Psychology of Learning

Module 08: Sports Psychology

Part 3: Theories of Motor Skills Learning

Looking Back

In Parts 1 & 2, we explored motor learning’s practical dimensions—how skills are acquired through feedback, refined through distributed practice, & transferred across tasks. We examined the Yerkes-Dodson Law & mental imagery. These principles describe what works in motor learning but don’t fully explain how motor learning works. How does feedback create lasting skill improvements? What changes in the brain during practice? How do separate movements become integrated into smooth sequences? Theoretical frameworks provide mechanistic explanations for motor learning phenomena.

Adams’s Two-Stage Theory: Perceptual Traces & Motor Traces

Jack Adams (1971) proposed an influential theory explaining how knowledge of results enables motor learning. His theory distinguishes two types of memory representations developed through practice: perceptual traces & motor traces. Understanding these concepts requires analogy to control system theory.

Control System Analogy: The Thermostat

Consider a home thermostat controlling temperature. You set the thermostat to 72 degrees—this is the reference input, the desired state. The thermostat continuously measures actual room temperature through sensors—this is feedback. When actual temperature differs from the reference input (72 degrees), the system generates an error signal. If the room is 68 degrees, the error is -4 degrees; the system activates heating. If the room is 75 degrees, the error is +3 degrees; the system activates cooling. The action system (furnace or air conditioner) works to minimize error, bringing actual state closer to the reference input.

Adams proposed that motor learning operates similarly, with two critical components corresponding to control system elements.
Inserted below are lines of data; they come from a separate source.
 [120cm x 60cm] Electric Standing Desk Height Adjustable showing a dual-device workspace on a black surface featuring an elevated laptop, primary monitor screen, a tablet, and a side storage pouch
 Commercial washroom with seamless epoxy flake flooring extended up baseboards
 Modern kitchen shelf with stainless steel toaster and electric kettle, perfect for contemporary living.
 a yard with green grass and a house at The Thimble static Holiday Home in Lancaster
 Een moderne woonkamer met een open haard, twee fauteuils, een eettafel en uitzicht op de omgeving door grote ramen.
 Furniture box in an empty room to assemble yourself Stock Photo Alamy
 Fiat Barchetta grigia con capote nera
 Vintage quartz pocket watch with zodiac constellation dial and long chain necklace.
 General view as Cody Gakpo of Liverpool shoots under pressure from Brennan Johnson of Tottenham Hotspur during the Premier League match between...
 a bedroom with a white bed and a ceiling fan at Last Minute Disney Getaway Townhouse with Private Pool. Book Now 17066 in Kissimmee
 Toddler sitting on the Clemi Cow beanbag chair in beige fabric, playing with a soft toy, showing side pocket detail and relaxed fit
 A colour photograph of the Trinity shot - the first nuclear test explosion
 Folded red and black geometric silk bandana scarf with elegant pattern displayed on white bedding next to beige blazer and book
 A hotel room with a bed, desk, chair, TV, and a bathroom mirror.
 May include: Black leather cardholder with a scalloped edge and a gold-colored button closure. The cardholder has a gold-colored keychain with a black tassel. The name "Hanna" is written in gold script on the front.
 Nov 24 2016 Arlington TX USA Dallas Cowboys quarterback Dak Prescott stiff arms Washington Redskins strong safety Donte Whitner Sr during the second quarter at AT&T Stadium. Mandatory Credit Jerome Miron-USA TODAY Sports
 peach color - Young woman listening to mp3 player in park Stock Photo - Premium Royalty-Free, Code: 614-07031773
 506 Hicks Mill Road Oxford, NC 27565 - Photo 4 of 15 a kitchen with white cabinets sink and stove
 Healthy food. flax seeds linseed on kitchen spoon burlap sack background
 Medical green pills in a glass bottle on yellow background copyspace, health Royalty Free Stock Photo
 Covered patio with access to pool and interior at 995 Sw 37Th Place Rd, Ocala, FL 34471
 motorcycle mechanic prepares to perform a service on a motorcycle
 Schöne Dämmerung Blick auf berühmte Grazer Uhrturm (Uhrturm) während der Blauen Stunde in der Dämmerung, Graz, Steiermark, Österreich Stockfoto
The Perceptual Trace: Your Internal Reference Standard

The perceptual trace corresponds to the reference input of control system theory. It represents the learner’s memory of what correct performance should feel like—the sensory feedback associated with successful movements. The perceptual trace is the internal standard against which performance is compared (Adams, 1971).

Think of a basketball free throw. Through repeated practice with knowledge of results, you develop a perceptual trace—a memory of what a successful free throw feels like kinesthetically. You remember the sensation of proper elbow position, the feeling of correct release timing, the proprioceptive feedback from muscles executing the movement correctly. This perceptual trace becomes your internal reference: “This is what success feels like.”

The perceptual trace develops gradually through repeated trials with KR. Early in learning, you have no perceptual trace—you don’t know what correct performance feels like because you haven’t experienced it reliably. Each successful trial, indicated by KR (“made it!”), allows you to encode the sensory feedback from that trial. Over many successful trials, these encoded memories coalesce into a stable perceptual trace representing correct performance.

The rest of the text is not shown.